(TASK DETAILS)
Your answer must be the exact lines from the one holding "map of restaurants, bars, coffee" through the end of the entries, with no pictures.

Web page caption snippets:
━━━━━━

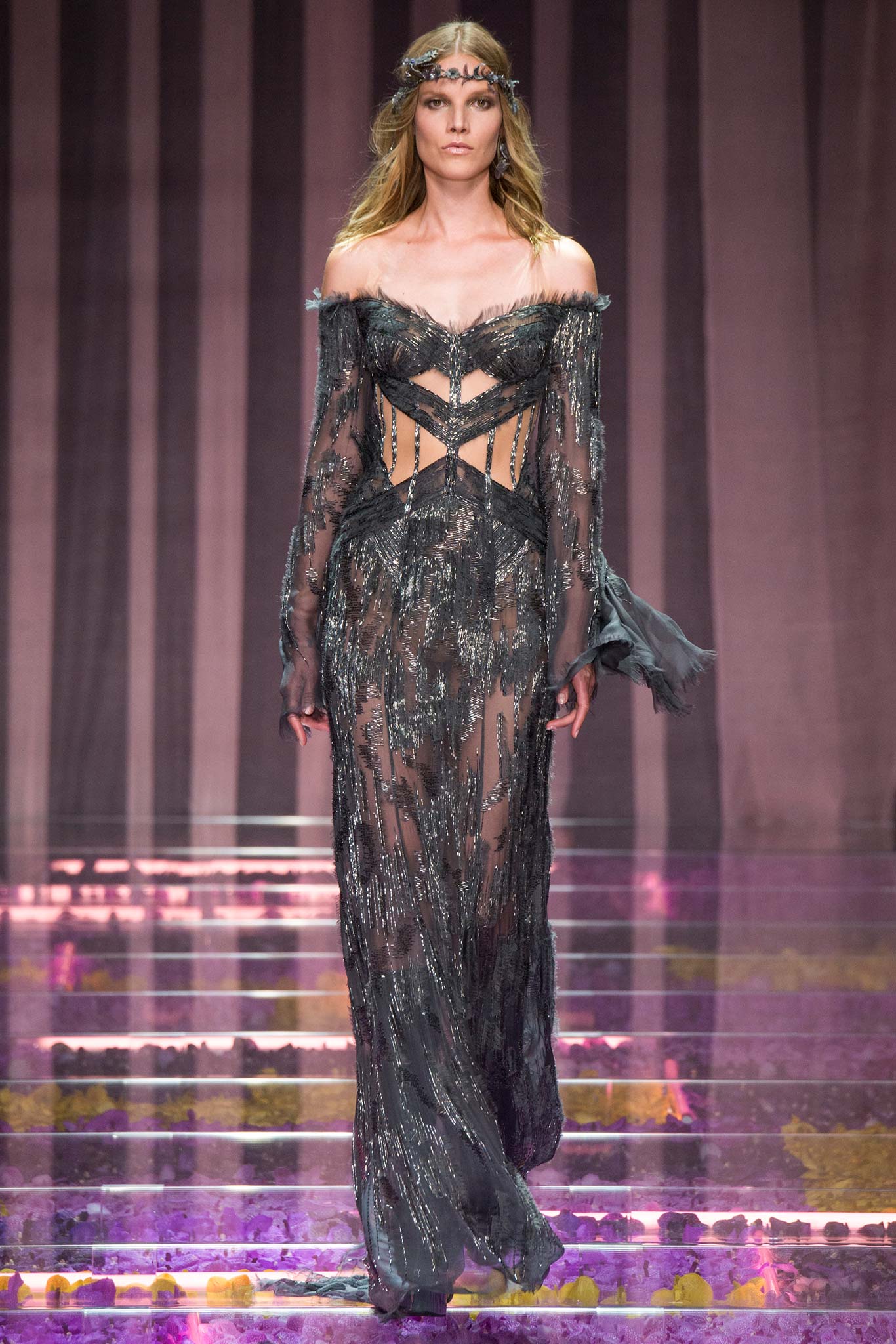 black silk off-shoulder gown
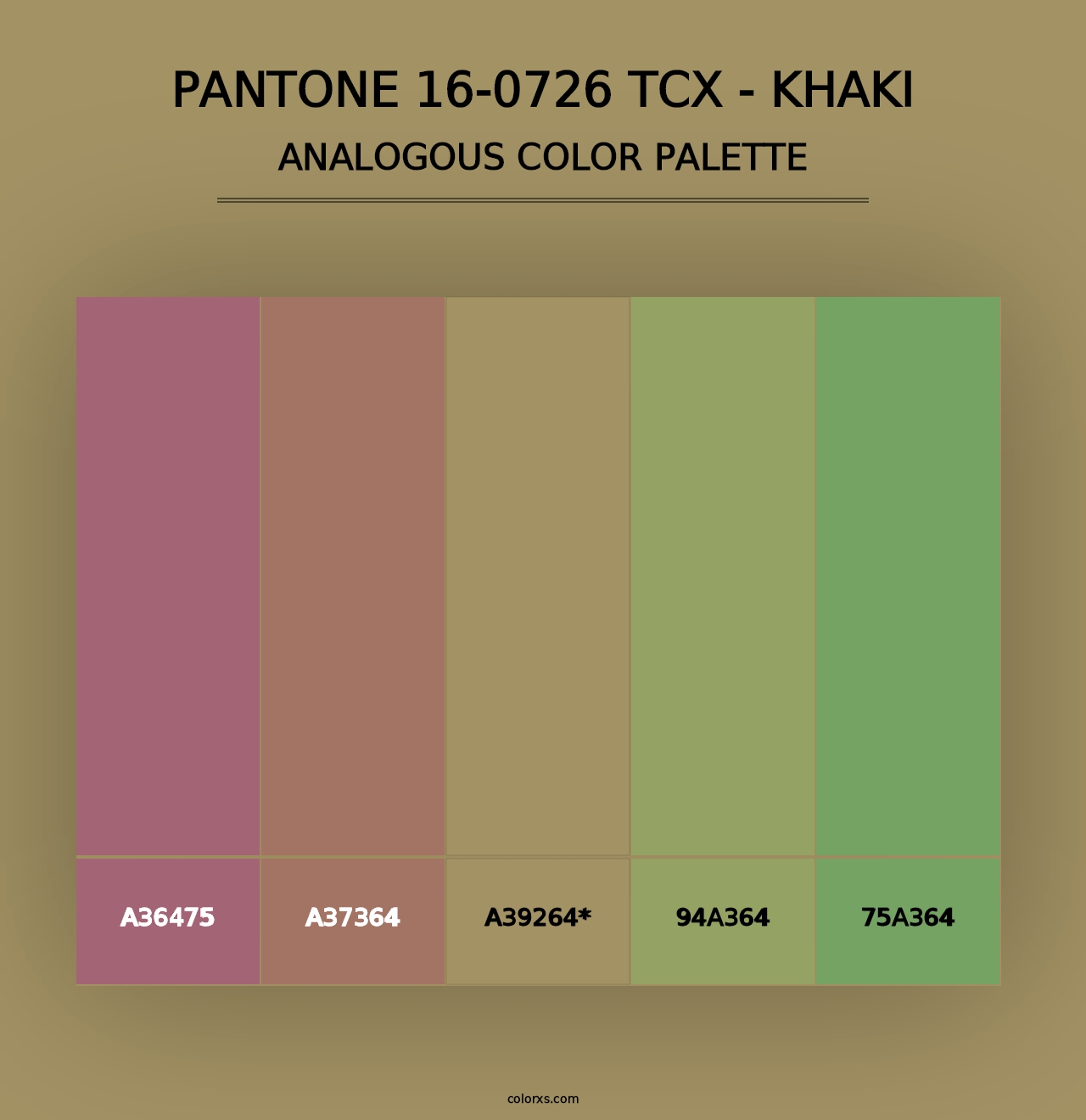 PANTONE 16-0726 TCX - Khaki - Analogous Color Palette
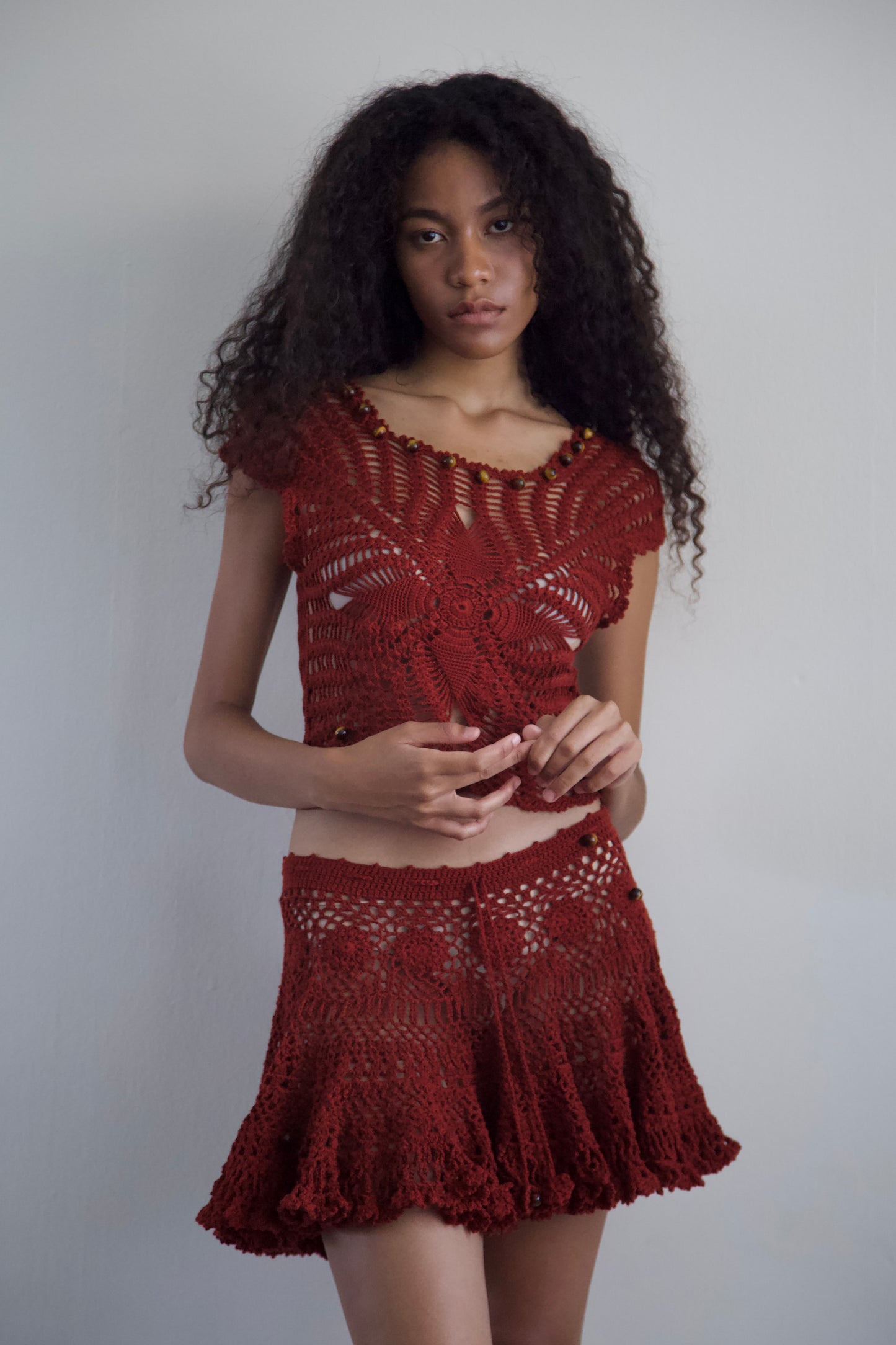 Debris Stone Beaded Hand-Crochet Cotton Skirt / Tee Separates (4 colorways)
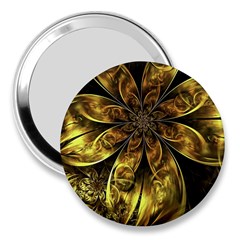 Fractal Floral Gold Golden 3  Handbag Mirrors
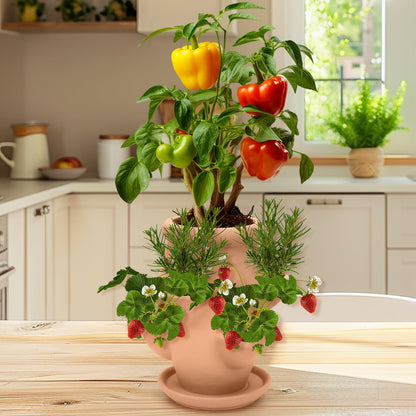 Strawberry Tower Pot Planter,Vertical Multi Pocket Ceramic Strawberry Succulent Planter Tower for Outdoor Plants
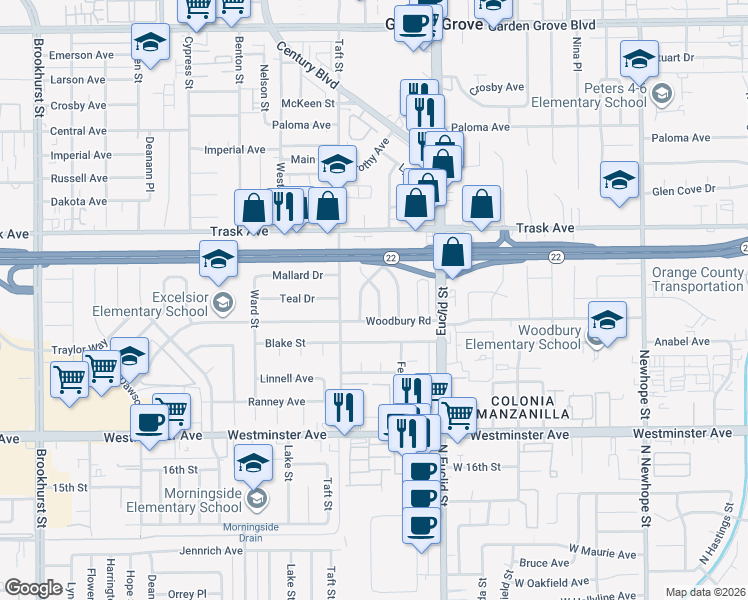 map of restaurants, bars, coffee shops, grocery stores, and more near 13622 Lombardy Road in Garden Grove
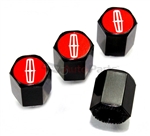 Lincoln Red Logo Black ABS Tire Valve Stem Caps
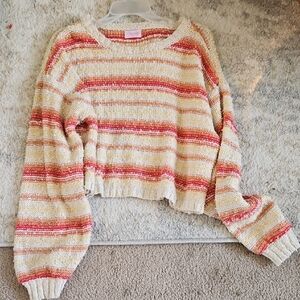Pink Lily Cream and Red Striped Sweater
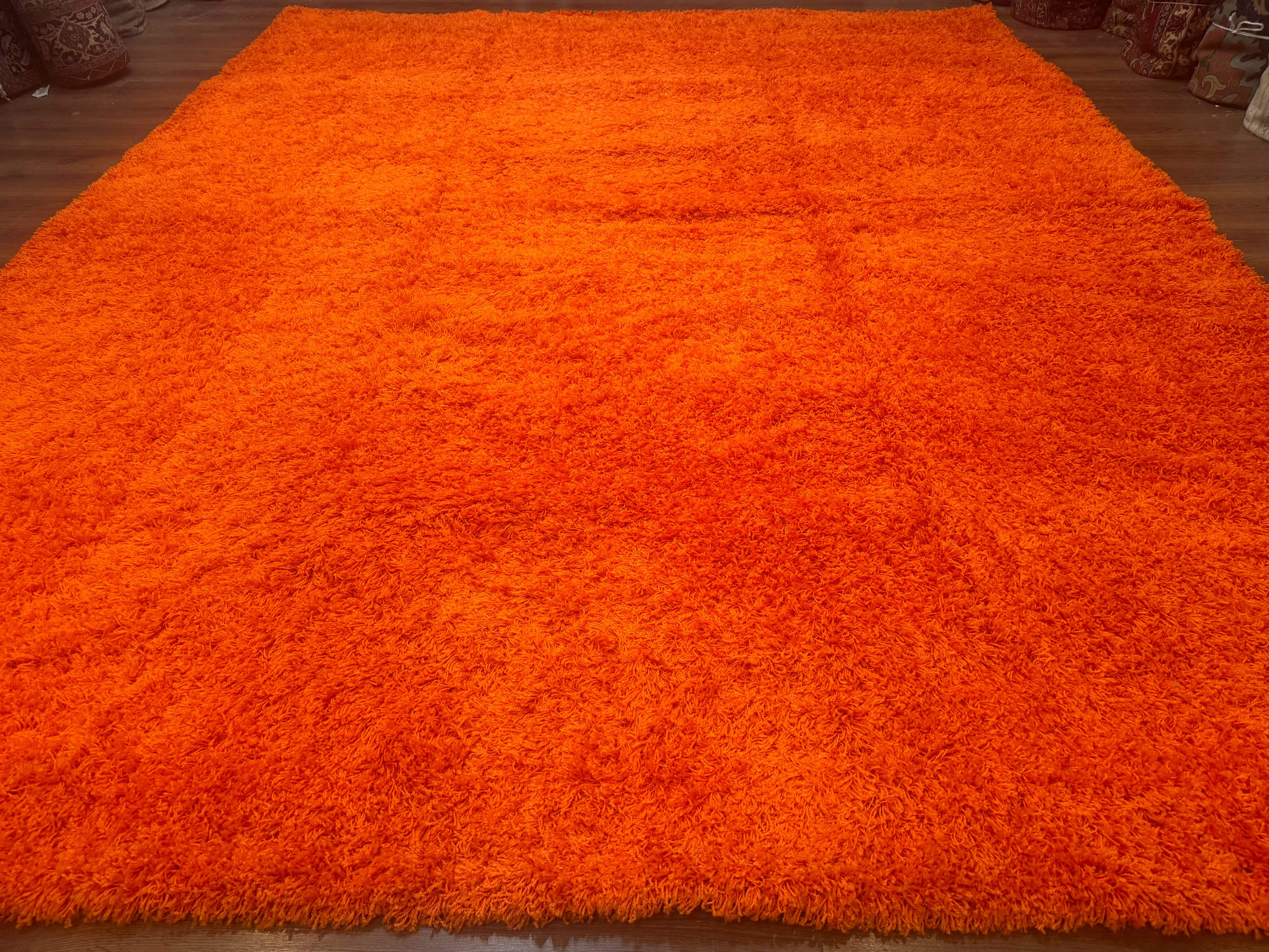 Large Orange Shag Rug 10x13 ft - Jewel Rugs
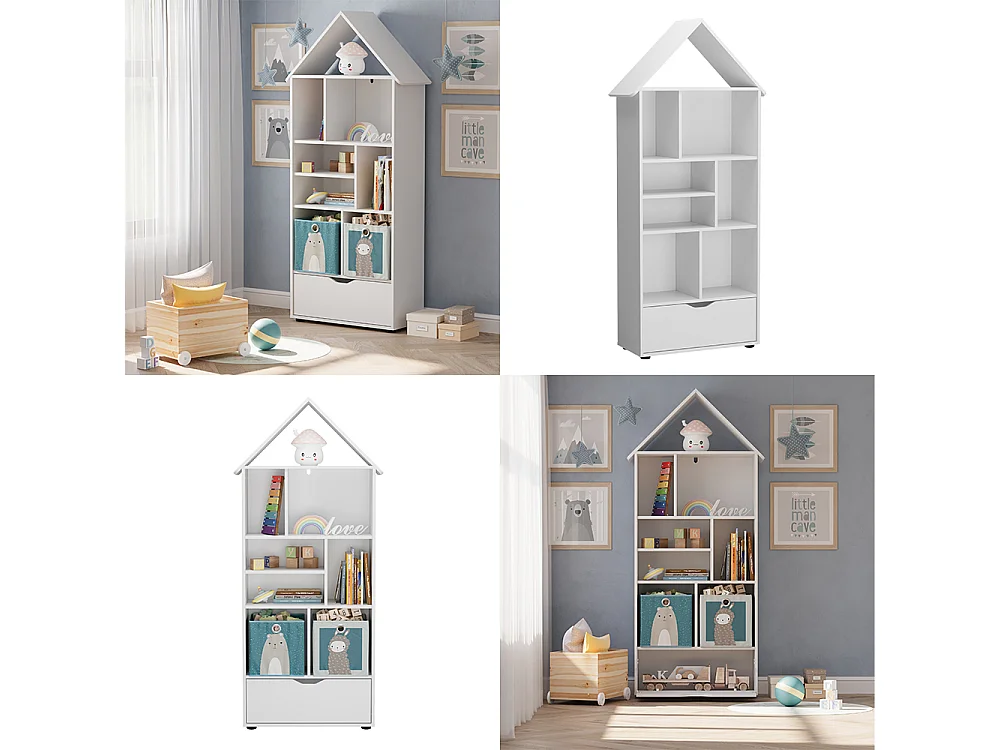 Scaffale per bambini bianco 71x32.1x178.5 estell
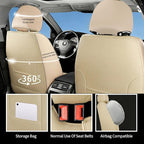 Fit for RAV4 Seat Covers Compatible with Toyota RAV 4 2007-2025 2026 - Waterproof Breathable Leather Automotive Seat Cushions Protector,Airbag Compatible,Full Set 5 Seats(Beige) - Image 7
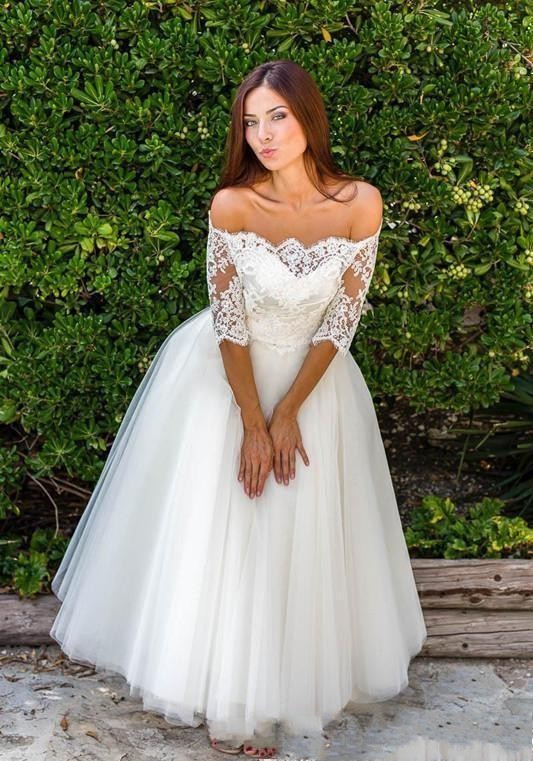New Cheap Vintage Country Beach A E Wedding Dresses Off The Shoulder Appliques Lace Half Sleeves Ankle Length Tulle Formal Bridal Gowns 0219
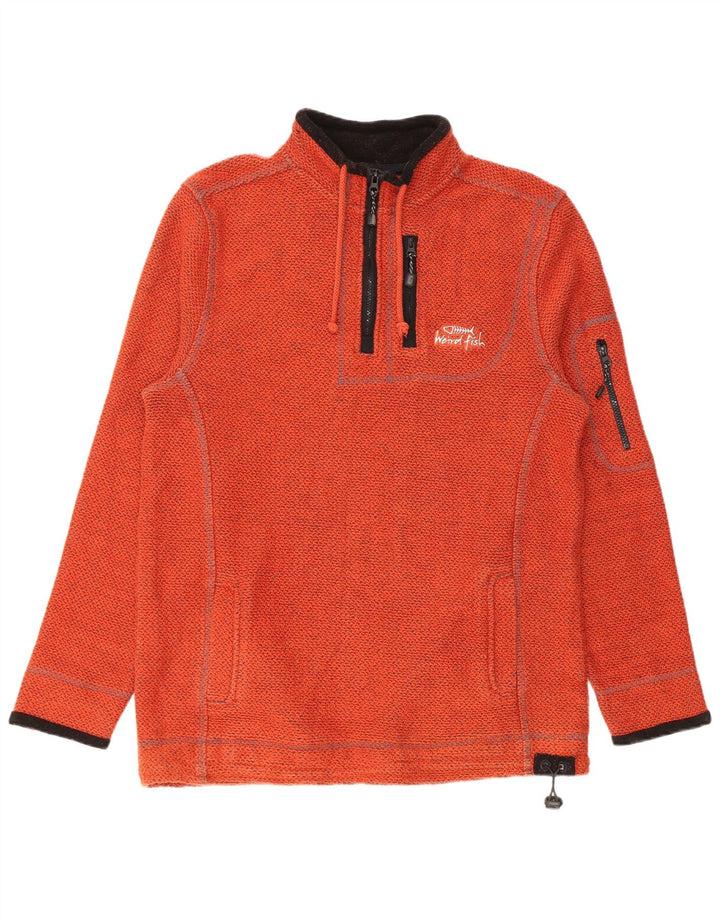 Weird Fish pentru bărbați cu grafic 1/4 Zip Pulover mare bumbac portocaliu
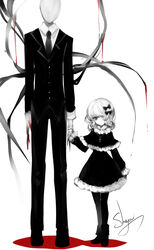  1boy absurdres artist_name blood blood_drip blood_on_hands boots bow capelet claws collar collared_shirt commentary creepypasta cross cross_necklace dress faceless faceless_male female formal frilled_collar frills greyscale hair_over_one_eye hairbow height_difference highres holding_finger holding_hands jewelry long_sleeves looking_at_viewer monochrome necklace necktie original pants pantyhose sheya shirt short_dress short_hair signature simple_background slender_man smile spot_color suit symbol-only_commentary tentacle white_background 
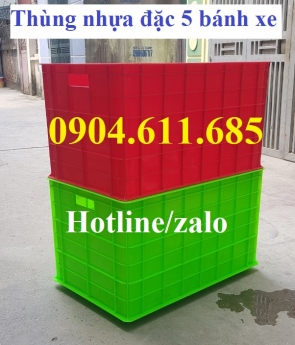 Thùng nhựa đặc 5 bánh xe tại Hà Nội, thùng nhựa có bánh xe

━━━━━━

(YOUR SOLUTION)
 map of restaurants, bars, coffee shops, grocery stores, and more near 13622 Lombardy Road in Garden Grove
 Lincoln Red Logo Black ABS Tire Valve Stem Caps
Pink Lily Cream and Red Striped Sweater
 Large Orange Shag Rug 10x13 ft - Jewel Rugs
 Scaffale per bambini bianco 71x32.1x178.5 estell
 Fit for RAV4 Seat Covers Compatible with Toyota RAV 4 2007-2025 2026 - Waterproof Breathable Leather Automotive Seat Cushions Protector,Airbag Compatible,Full Set 5 Seats(Beige) - Image 7
New Cheap Vintage Country Beach A E Wedding Dresses Off The Shoulder Appliques Lace Half Sleeves Ankle Length Tulle Formal Bridal Gowns 0219
 Weird Fish pentru bărbați cu grafic 1/4 Zip Pulover mare bumbac portocaliu
  1boy absurdres artist_name blood blood_drip blood_on_hands boots bow capelet claws collar collared_shirt commentary creepypasta cross cross_necklace dress faceless faceless_male female formal frilled_collar frills greyscale hair_over_one_eye hairbow height_difference highres holding_finger holding_hands jewelry long_sleeves looking_at_viewer monochrome necklace necktie original pants pantyhose sheya shirt short_dress short_hair signature simple_background slender_man smile spot_color suit symbol-only_commentary tentacle white_background 
 Thùng nhựa đặc 5 bánh xe tại Hà Nội, thùng nhựa có bánh xe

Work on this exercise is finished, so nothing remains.